┌──

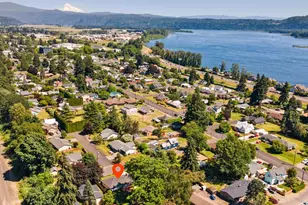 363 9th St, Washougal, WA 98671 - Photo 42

└──
┌──

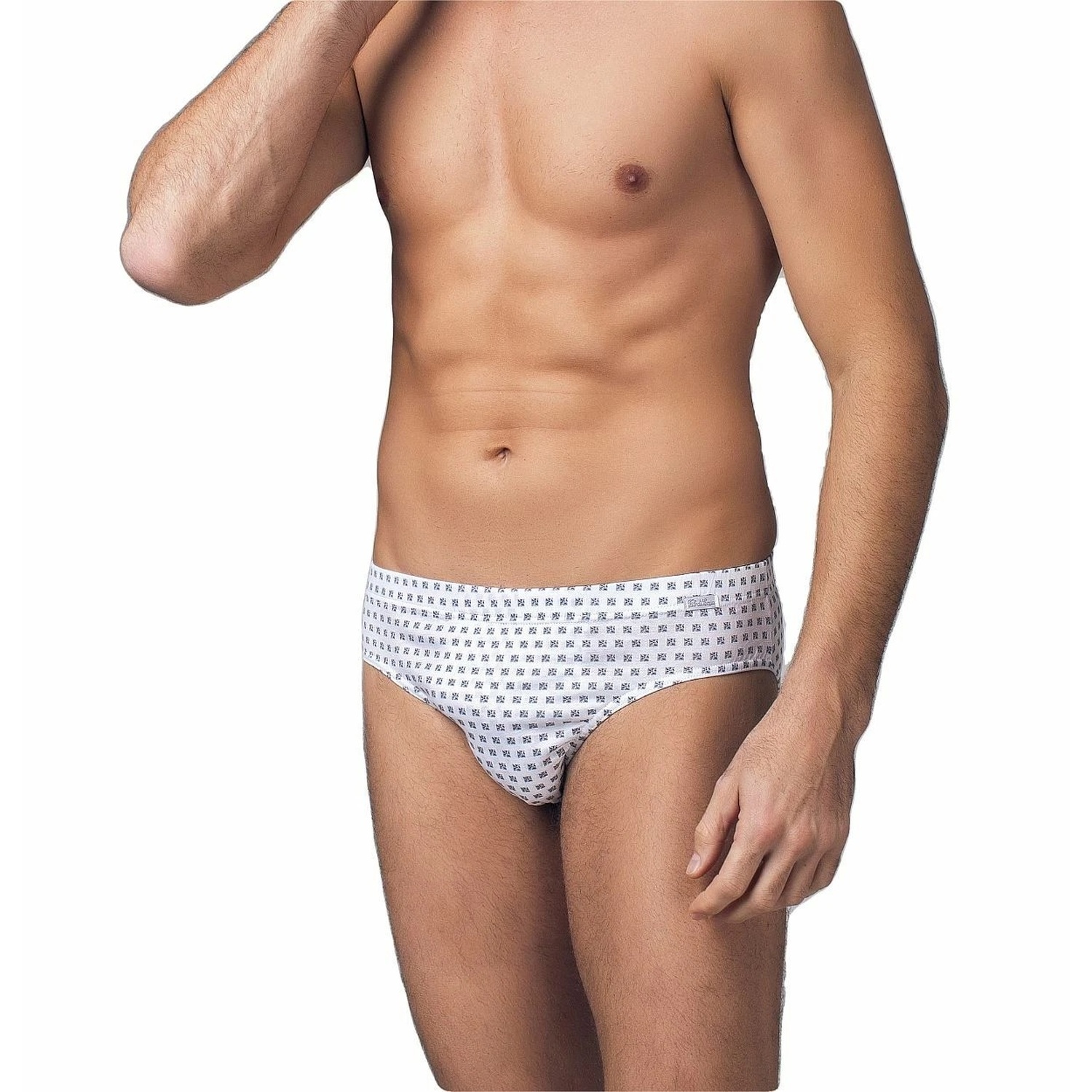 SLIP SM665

└──
┌──

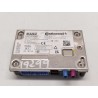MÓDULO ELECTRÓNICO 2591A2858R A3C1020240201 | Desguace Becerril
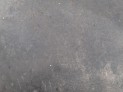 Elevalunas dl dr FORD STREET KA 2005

└──

[Your objective]
An exact copy is needed of the stretch above that opens with the line containing "MÓDULO ELECTRÓNICO 2591A2858R" and closes with the line containing "Elevalunas dl dr FORD STREET KA 2005"; the pictures are not part of it.

[Answer section]
MÓDULO ELECTRÓNICO 2591A2858R A3C1020240201 | Desguace Becerril
 Elevalunas dl dr FORD STREET KA 2005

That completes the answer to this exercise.